Trump-era national security adviser John Bolton said Wednesday he’s “embarrassed” by the quantity of money allegedly offered by a man supposedly acting on behalf of the Iranian government in what US officials have sought to portray as a foiled effort to have the former UN ambassador killed.
CNN anchor Wolf Blitzer asked Bolton about the alleged plot on the “Situation Room” program Wednesday:
“The suspect put a $300,000 price tag on your head. What goes through your mind, ambassador, hearing the details of this plot, as explained today in great detail by the US Justice Department?”
“Well, I was embarrassed at the low price,” Bolton responded. “I would have thought it would have been higher. But I guess maybe it was the exchange rate problem or something.”
In 2018, Bolton noted the brutal impact of the so-called ‘maximum pressure’ sanctions regime he helped create at a Jerusalem press conference, boasting to reporters “that the reimposition of the sanctions… is already having a significant effect on Iran’s economy.”
Earlier on Wednesday, the Department of Justice claimed the suspect, Shahram Poursafi, had been plotting a hit on Bolton since October 2021. DoJ officials have characterized the alleged plot as an attempt at payback for the assassination of Qassem Soleimani, the now-deceased leader of the Iranian IRGC’s Quds Force, who is widely credited with vanquishing Daesh* and was murdered in a drone strike in Iraq on former US President Donald Trump’s orders.
A number of journalists and social media users expressed skepticism at the timing and circumstances of the alleged plot on the life of the notoriously hawkish former Trump official.
Mohammad Marandi, an adviser to the Iranian government’s nuclear deal negotiating team, perhaps best summarized such doubts when he asked: “isn't it odd that as we near a potential nuclear deal, the US makes claims about a hit on Bolton... and then this happens?”

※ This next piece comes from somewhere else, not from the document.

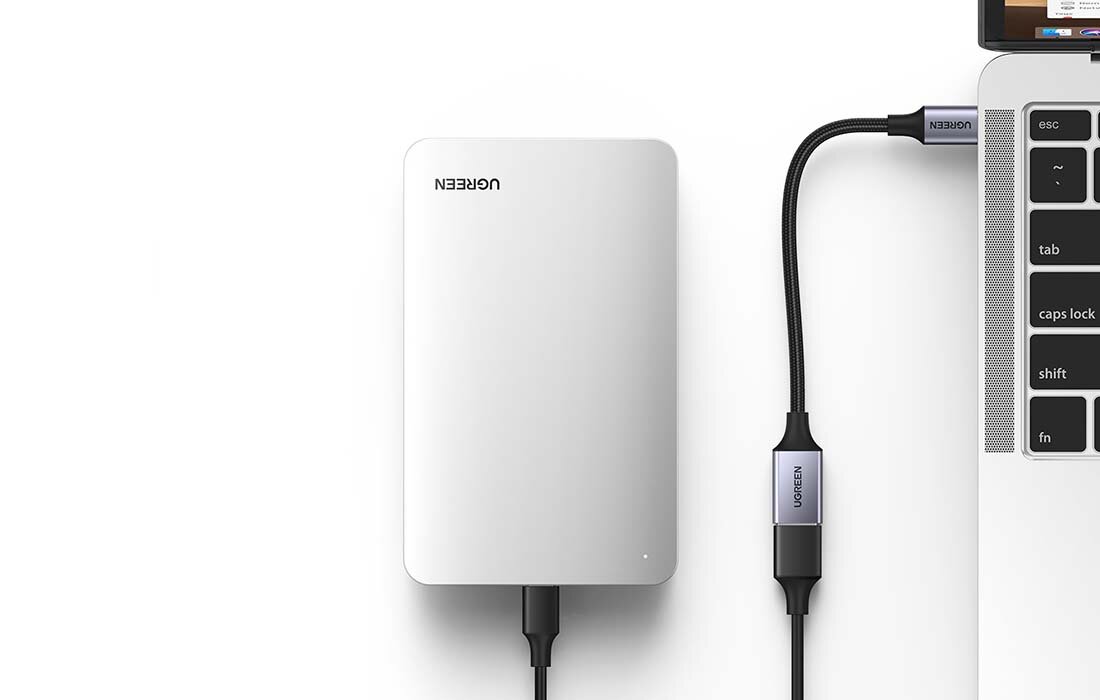 Na obrazie widoczny jest srebrny dysk zewnętrzny z logo \'UGREEN\', podłączony do laptopa za pomocą czarnego kabla USB z napisem \'UGREEN\'.
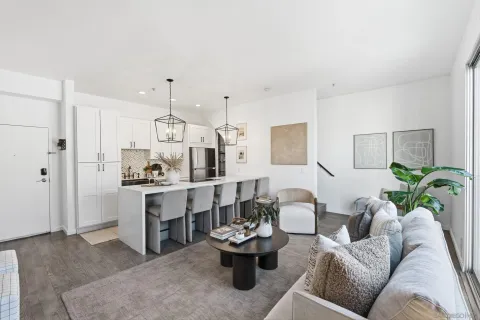 a living room with furniture and view of kitchen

Bolton began what would become a standout career in nonstop warmongering – even by DC standards – by graduating from Yale law school and enlisting in the Maryland National Guard in an effort to avoid combat duty in Vietnam, a decision he later chalked up to having “had no desire to die in a Southeast Asian rice paddy.”
As the protege of noted segregationist Sen. Jesse Helms, Bolton worked his way through the ranks of the Reagan and George H.W. Bush administrations and was ultimately tapped for the job of UN ambassador by the younger Bush, before returning to the limelight as Trump’s national security adviser in 2018.
Bolton was fired just a year later by tweet, with Trump noting that he “disagreed strongly” with many of the then-advisor’s suggestions. But he made headlines most recently this July, when he shocked CNN audiences by openly bragging of his skill at manipulating geopolitical affairs. At the time, he claimed he’d “helped plan coups d’etat” in “other places.”
As Reuters explained at the time, “it is highly unusual for US officials to openly acknowledge their role in stoking unrest in foreign countries.”